*Problem details*. What is needed is an exact reproduction of the lines from the one that contains "BCB9415 Iowa License Plate" through the end of the data, both included and nothing else, with pictures omitted.

── Provided information

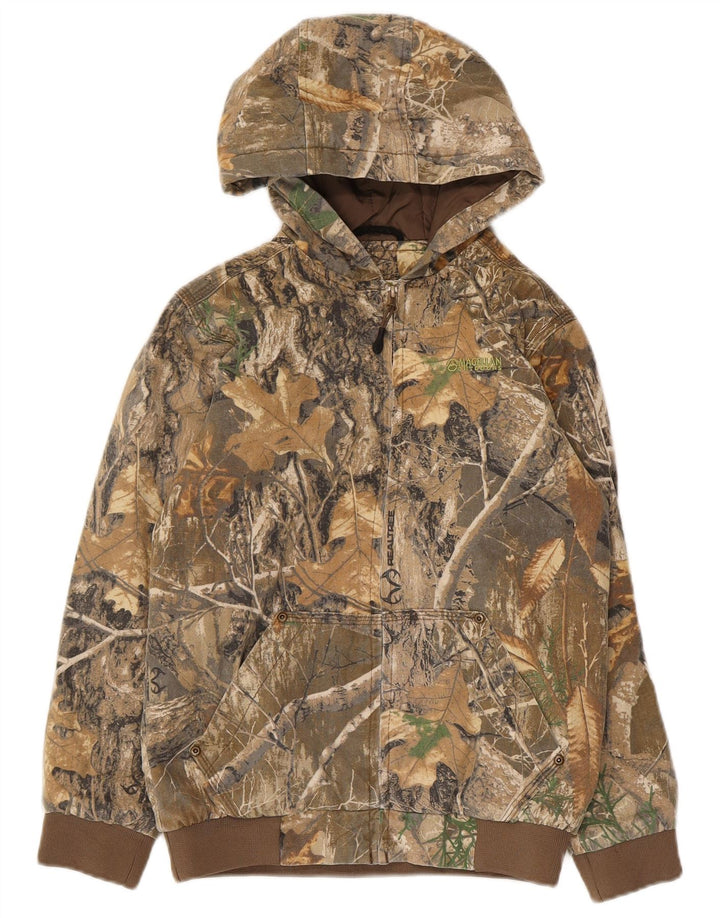 Magellan Boys Hooded Bomber Jacket 11-12 Years Medium Khaki Camouflage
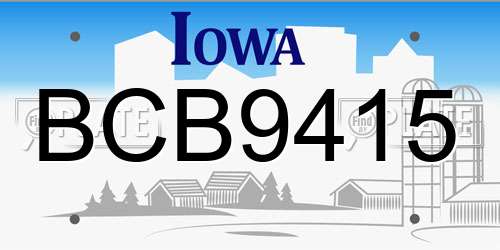 BCB9415 Iowa License Plate
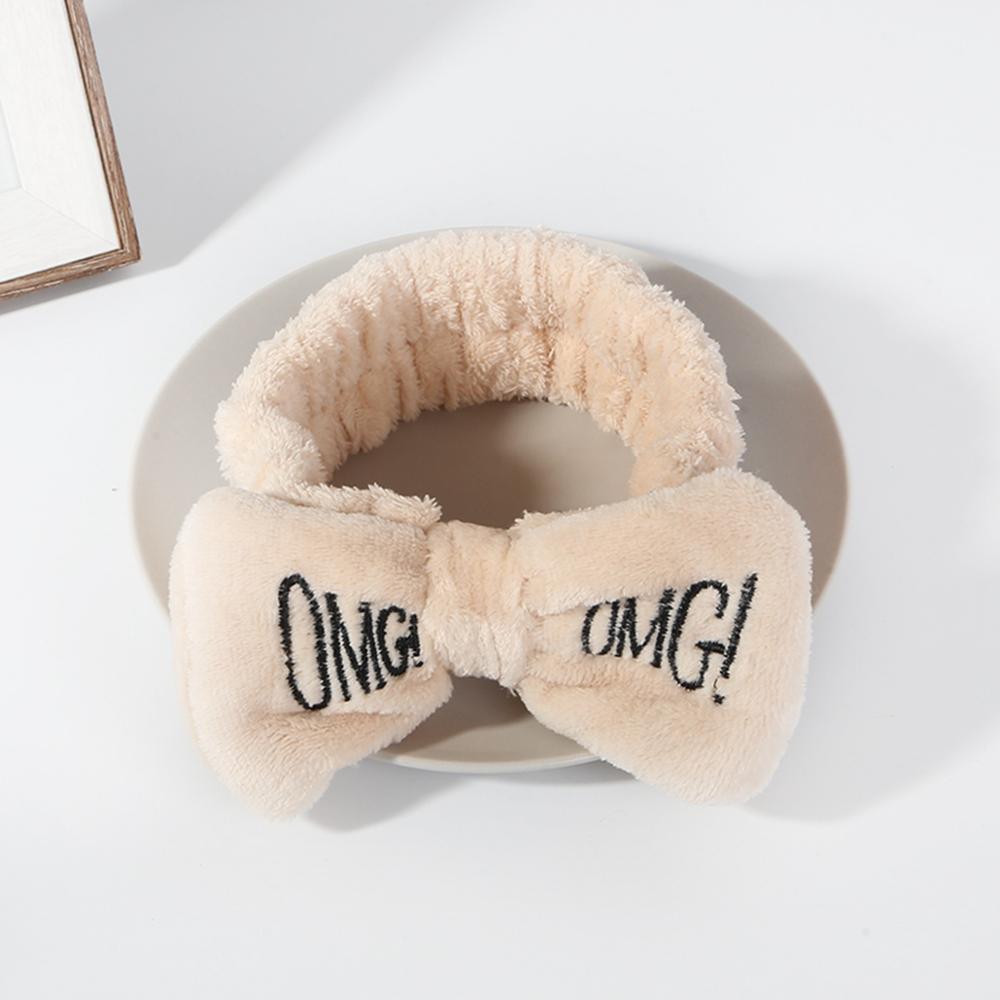 Soft OMG Letters Coral Fleece Wash Face Mix Color Bow Hair bands Clips For Women Girls Headbands Hair Styling Tool: 01 khaki
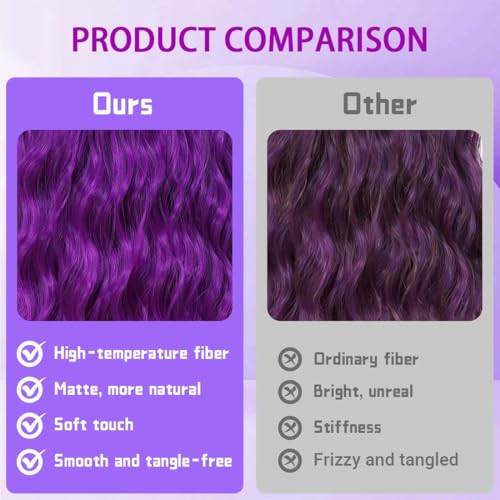 Image of Pastel Dark Purple Wavy Bob Wig for Women, Short Shoulder Length Synthetic Wig with Bangs, Matte Natural Realistic Look Lightweight Hairpiece, Purple Color for Daily Wear & Cosplay Costume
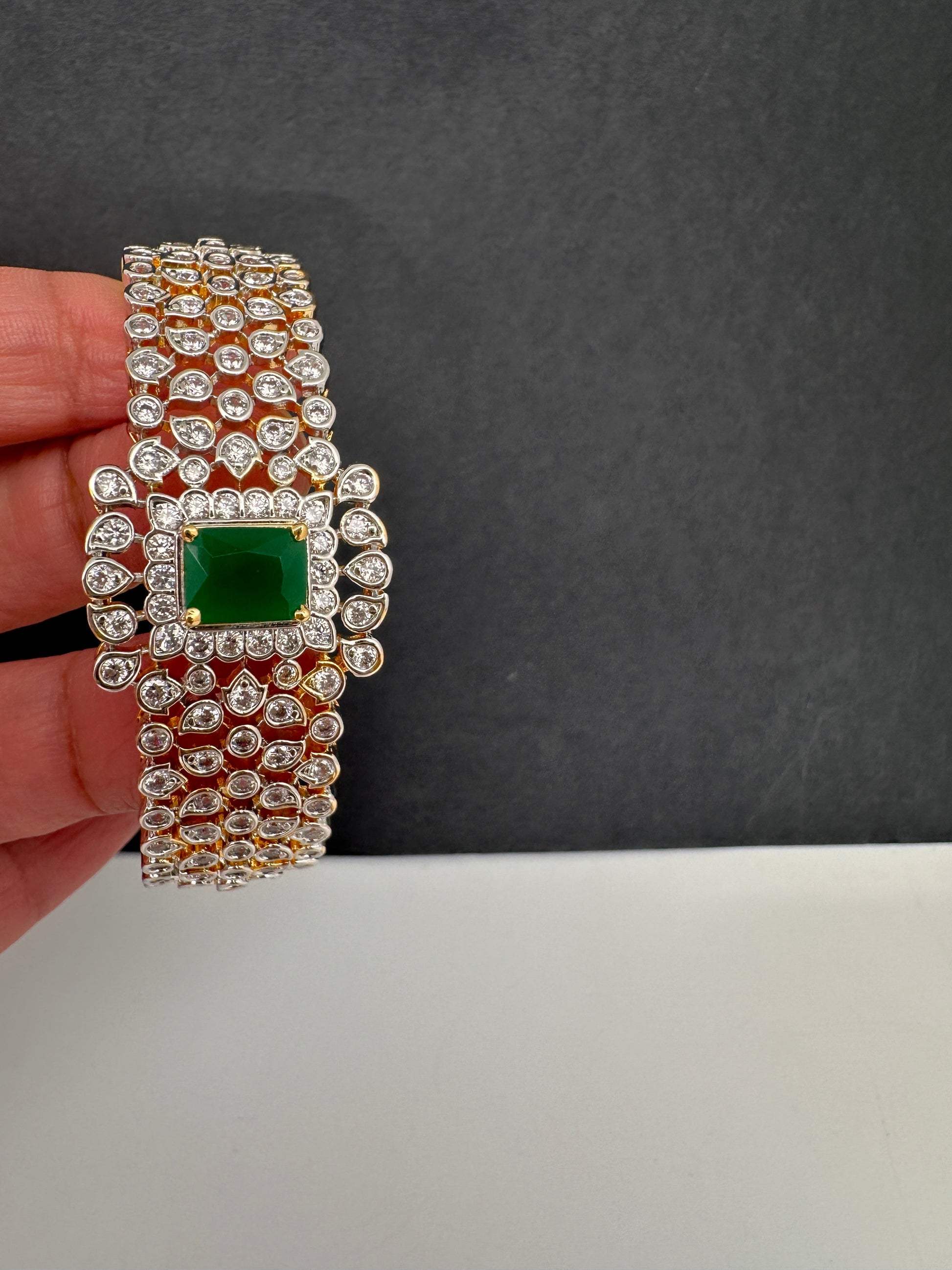 AD Diamond Openable Kada Bracelet - Green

────

*Written solution*.
 BCB9415 Iowa License Plate
 Soft OMG Letters Coral Fleece Wash Face Mix Color Bow Hair bands Clips For Women Girls Headbands Hair Styling Tool: 01 khaki
 Image of Pastel Dark Purple Wavy Bob Wig for Women, Short Shoulder Length Synthetic Wig with Bangs, Matte Natural Realistic Look Lightweight Hairpiece, Purple Color for Daily Wear & Cosplay Costume
 AD Diamond Openable Kada Bracelet - Green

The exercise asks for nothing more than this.